**What you will do**
Every line of the listing below is to be duplicated exactly, with the pictures left out.

**Exercise data**
+ + +

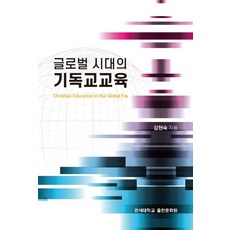 글로벌 시대의 기독교교육, 김현숙, 연세대학교출판문화원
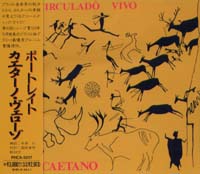 画像1: カエターノ・ヴェローゾ：CAETANO VELOSO / ポートレート：CIRCULADO VIVO 【CD】 日本盤 (1)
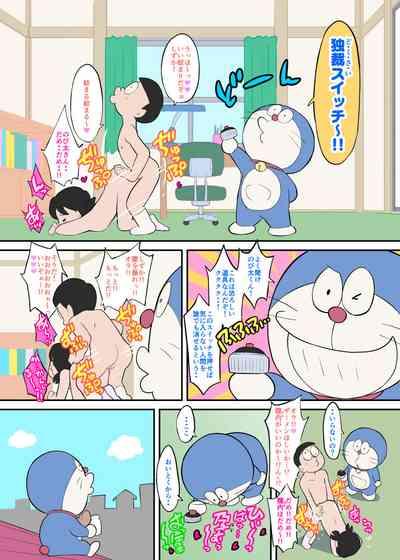 Big Black Tits Doraeromon Doraemon HotXXX 5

+ + +

**Solution to the problem**
 글로벌 시대의 기독교교육, 김현숙, 연세대학교출판문화원
 画像1: カエターノ・ヴェローゾ：CAETANO VELOSO / ポートレート：CIRCULADO VIVO 【CD】 日本盤 (1)
 Big Black Tits Doraeromon Doraemon HotXXX 5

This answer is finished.